**Data shown**
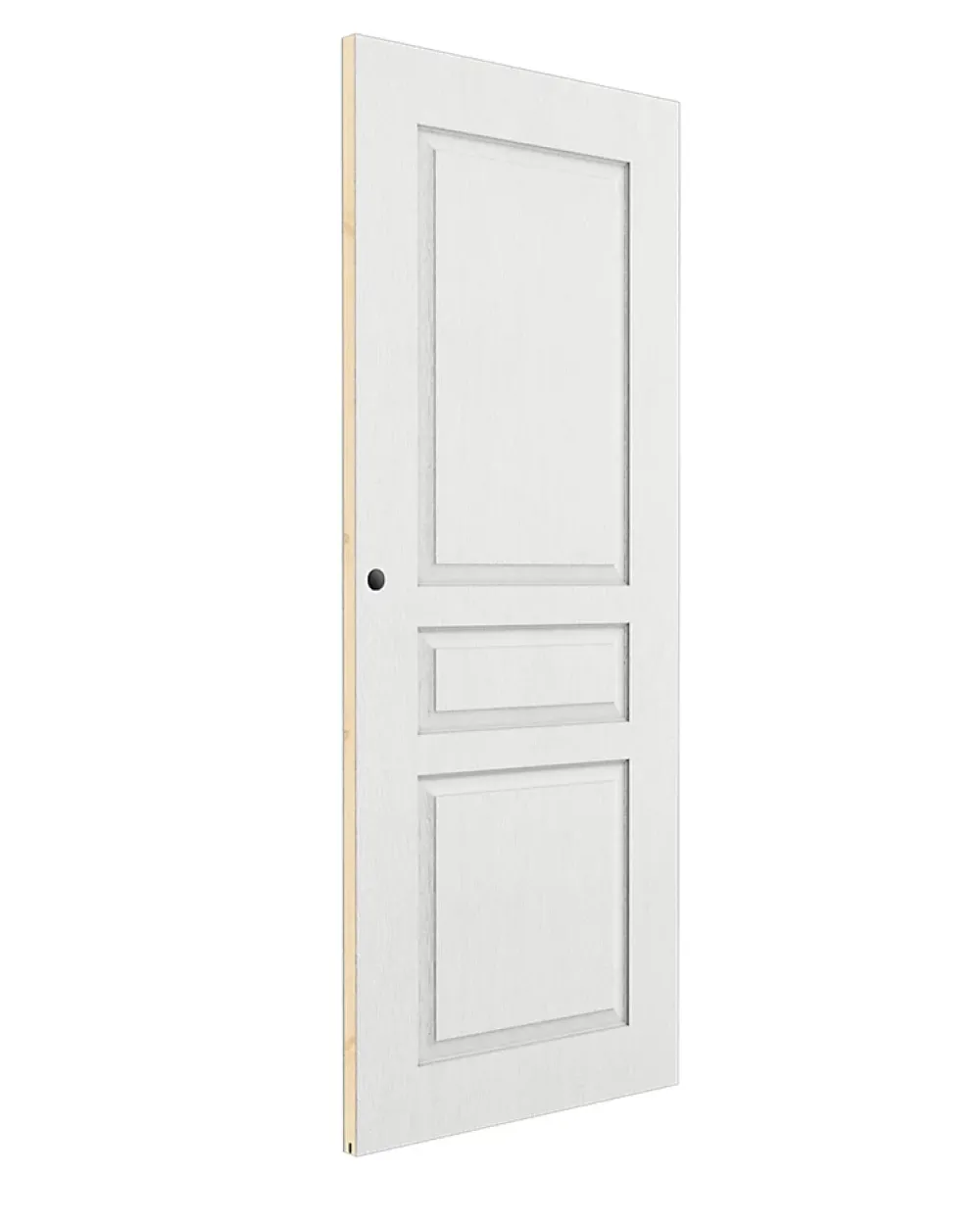 Bloc Porte<Porte coulissante Ordesa postformé 3 panneaux blanc H.204 x l.73 cm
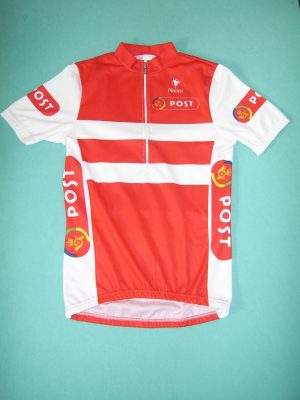 DINAMARCA (b) CAMISA DE CICLISMO PLOUAY DA SELEÇÃO NACIONAL Copa do Mundo de 2000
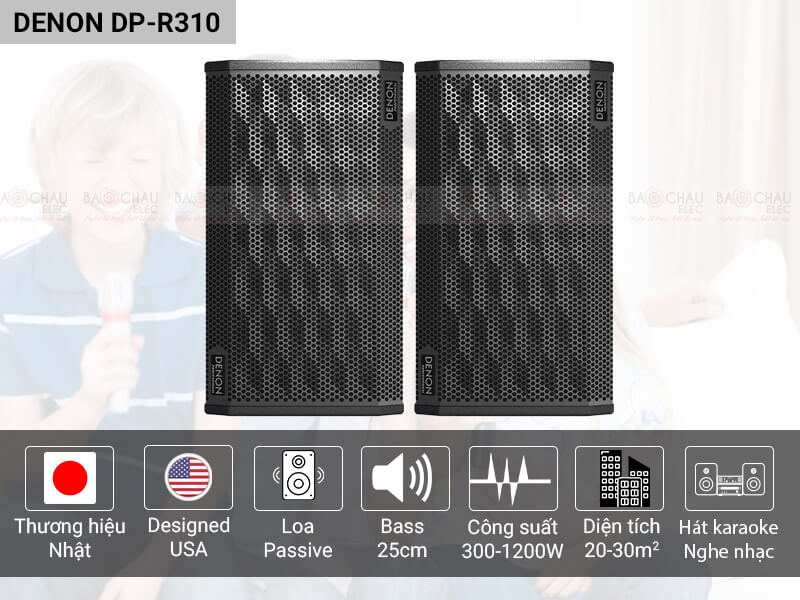 Dàn karaoke Denon Nhật 18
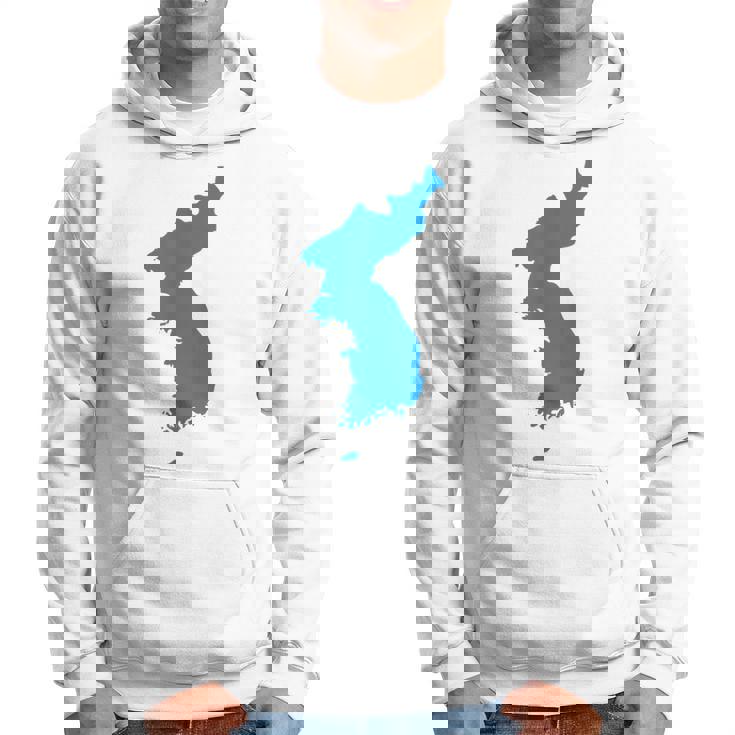 韓国統一旗、韓国統一地図 パーカー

**Directions for this task**
Leave every picture out, and reproduce exactly the lines from the line bearing "DINAMARCA (b) CAMISA" through the closing line of the material above.

**Response**
 DINAMARCA (b) CAMISA DE CICLISMO PLOUAY DA SELEÇÃO NACIONAL Copa do Mundo de 2000
 Dàn karaoke Denon Nhật 18
 韓国統一旗、韓国統一地図 パーカー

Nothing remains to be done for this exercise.